◆ **TASK ITEM**
Please retype the entries below word for word, passing over every picture.

Collected data entries
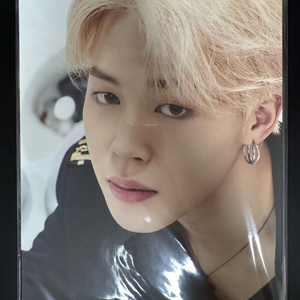 BTS 방탄소년단 스픽콘 파이널 스파콘 지민 엠디 굿즈 일괄 프포 키링 이미지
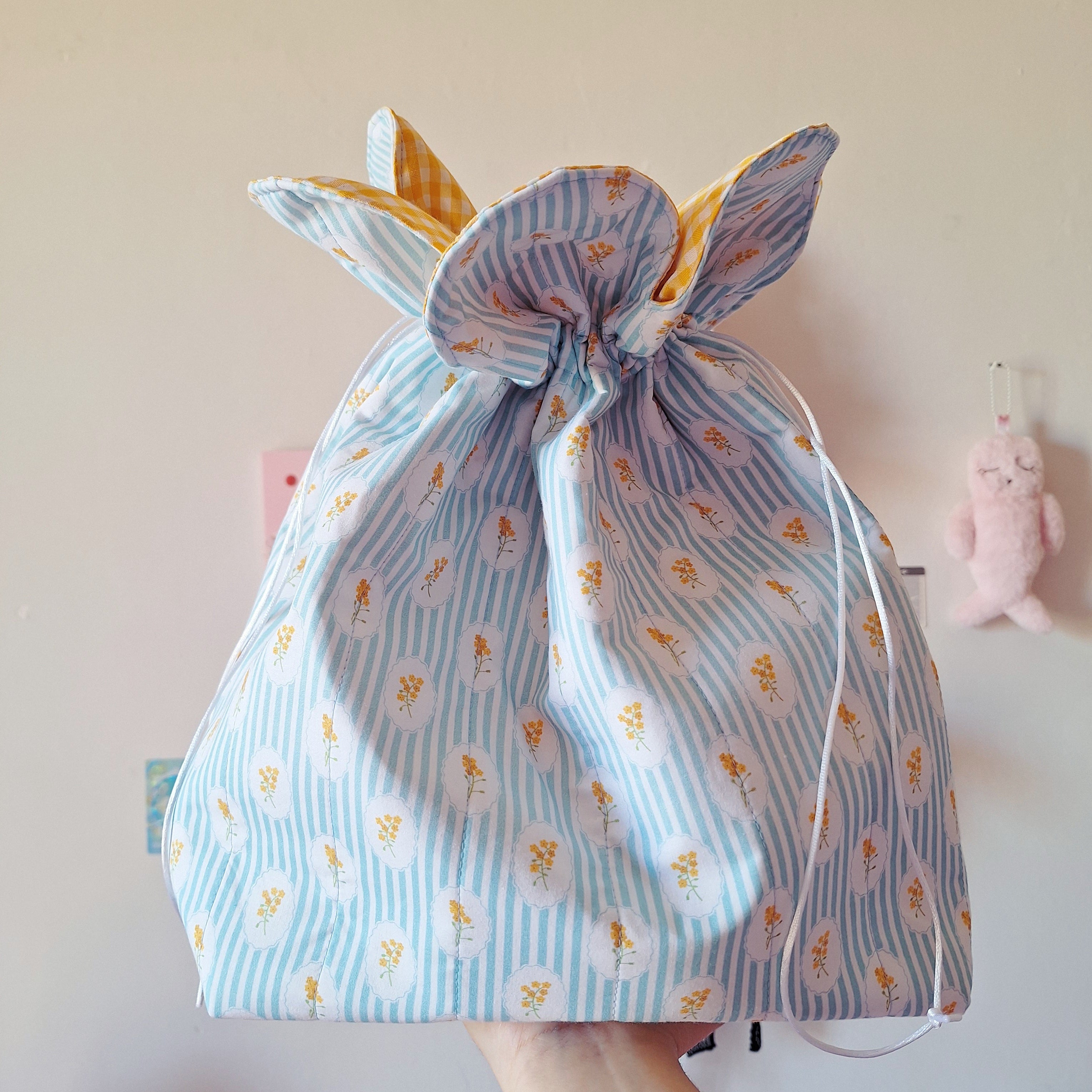 Bolso flora
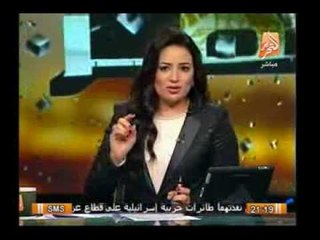 مبادرة تتبناها رانيا بدوى وقناة التحرير بمؤتمر حاشد فى حلايب وشلاتين للتأكيد أنها أراضى مصرية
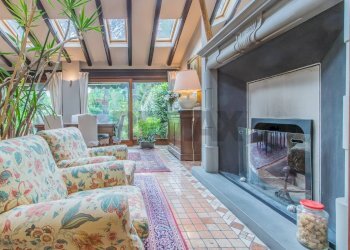 Soggiorno - Villa via bonfanti innocente
 
10, Bosisio Parini - foto 7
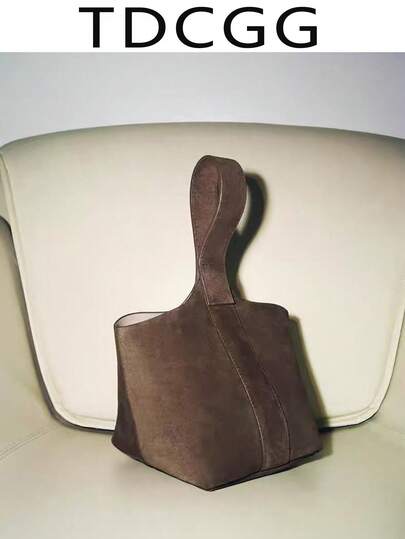 حقيبة يد نسائية صغيرة من الجلد الأحمر الداكن مناسبة للحفلات والمناسبات المسائية والعشاء والزفاف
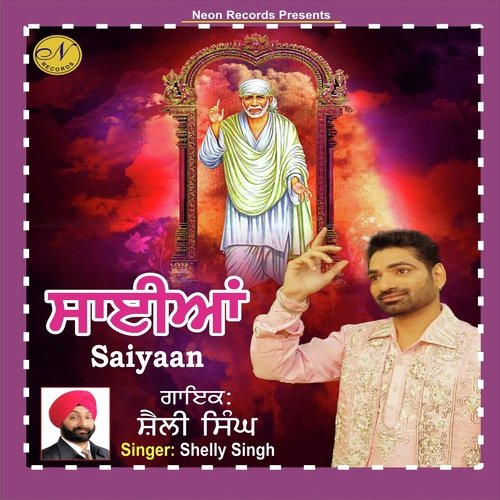 Saiyaan - Shelly Singh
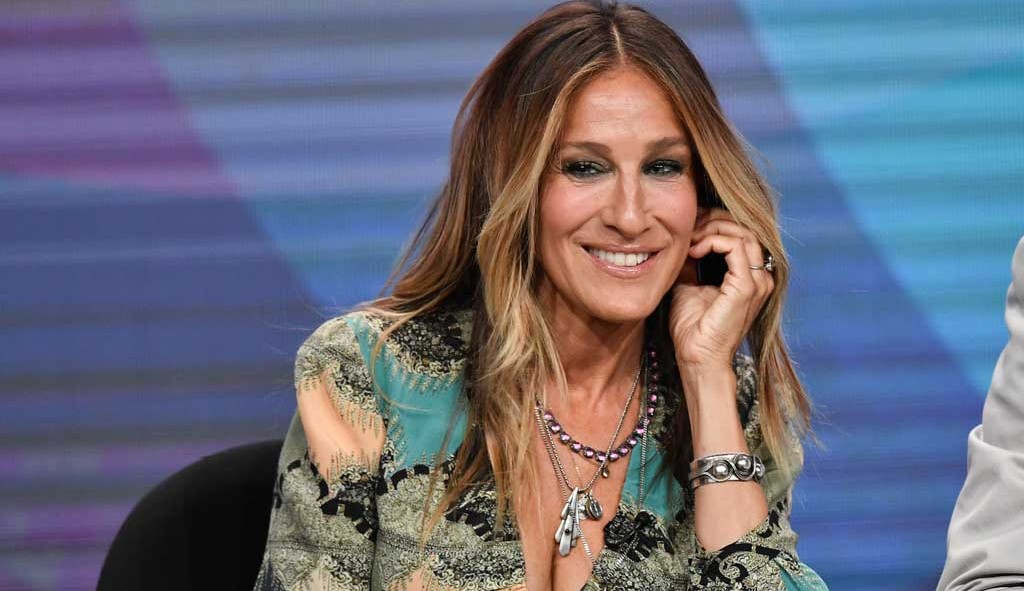 Sex and the City vai abordar pandemia em sua continuação, diz Sarah Jessica Parker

◆ **EXPECTED ANSWER**
 BTS 방탄소년단 스픽콘 파이널 스파콘 지민 엠디 굿즈 일괄 프포 키링 이미지
 Bolso flora
 مبادرة تتبناها رانيا بدوى وقناة التحرير بمؤتمر حاشد فى حلايب وشلاتين للتأكيد أنها أراضى مصرية
 Soggiorno - Villa via bonfanti innocente
 
10, Bosisio Parini - foto 7
 حقيبة يد نسائية صغيرة من الجلد الأحمر الداكن مناسبة للحفلات والمناسبات المسائية والعشاء والزفاف
 Saiyaan - Shelly Singh
 Sex and the City vai abordar pandemia em sua continuação, diz Sarah Jessica Parker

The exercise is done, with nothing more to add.